Dünyanın gündeminde olan yapay zekâ karşısında işini kaybedecek olan insanın yaşayacağı anlamsızlık sorununa değinen Fikir Ekimi Proje Koordinatörü Dr. Zeynep Meral Tanrıöğen, gerçekleştirdiği konuşmasında “Dünya yapay zekânın insanı yok edip edemeyeceği sorusuna cevap ararken perde arkasında kalan asıl sorun gözden kaçmaktadır. Yapay zekâ ayrı yapay bilinç ayrı konulardır. Zekâ problem çözme becerisiyken bilinç hissetme becerisidir. Ve insanlar problemlerini hissederek çözmektedirler. Yapay zekâ konusunda ilerlemeler kat edilmiş olsa da yapay bilinç konusunda 50 sene önce neredeysek bugün de oradayız ve 50 sene sonra daha ileride olacağımızı gösteren bir bulgu şu an elimizde bulunmamaktadır. Hissetmek sadece dokunmak, duymak, görmek demek değildir. Yapay zekânın (başka bir kaynaktan emir almadıkça) insanı yok etmeye karar verebilmesi için kibirlenmesi, hırslanması, insanı kıskanması vb. hislere sahip olması gerekmektedir. Dolayısıyla yapay zekânın insanı yok etmesine ilişkin duyulan kaygıdan daha da önemli olanı insanın işini kaybedecek olma tehlikesi ve yaşayacağı anlamsızlık sorunudur. Batı bilgisayar oyunları ve antidepresanlarla insanı daha anlamlı bir dünya hissine itmeye hazırlanmaktadır.” dedi.
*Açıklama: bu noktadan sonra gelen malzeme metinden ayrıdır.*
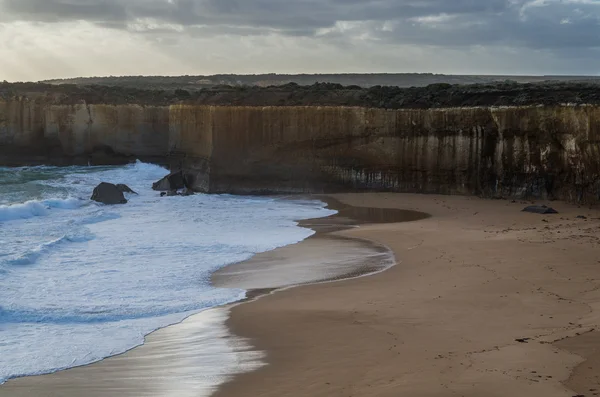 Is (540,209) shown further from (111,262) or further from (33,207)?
(33,207)

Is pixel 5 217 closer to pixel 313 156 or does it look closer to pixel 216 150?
pixel 216 150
Türkiye’de İş Başında Analitik Düşünmesi Gereken Çalışan Sayısı Belirlenmeli
Biz bugüne kadar bu tehlikenin tüm dünya vatandaşları için geçerli olduğunu düşünürken Rusya Yapay Zekâ Enstitüsü Başkanı Prof. Dr. Sergei D. Karakozov’un açıklamaları yaşanması muhtemel anlamsızlık sorunun etkilerinin kültüre göre değişebileceğini düşündürmeye başlamıştır. Prof. Dr. Karakozov yaptıkları kongrelerde otonom teknolojiler nedeniyle iş bulamayacak olan insanın kendisini değersiz ve faydasız hissetme sorununu tartıştıklarını bu nedenle yaratıcı düşünmesi gereken çalışan sayısını belirlediklerini belirtti. Bu rakamın 10 bin iş göreni işaret ettiğini ve hali hazırda 7000’nin şu anda eğitim aldığını ve geri kalanı için de endişelenmediklerine dikkat çekti. Prof. Dr. Sergei D. Karakozov, zira Ülke olarak kültürlerinde ne olursa olsun çalışmanın başat değer olduğunu ve Rusya’nın bu sahip olduğu özellikler dolayısıyla vatandaşlarının sorun yaşamayacaklarına inandıklarını dile getirdi. Biz de Ülkemizde ivedilikle analitik düşünmesi gereken iş alanlarını ve ihtiyaç duyulan personel sayısını belirlemeleri eğitim sistemini ona göre organize etmeliyiz. Gençlerimize Batının bilgisayar oyunları ve antidepresan çözümü yerine şartlar ne olursa olsun çalışmanın en büyük erdem olduğunu öğreterek kendilerine bu şekilde de anlamlı bir hayat kurabilecekleri değerini aşılayarak onları korumamız gerekmektedir.
Orijinal fikirler geliştiren mühendis adayları sunumlarının ardından etkinlik sona erdi.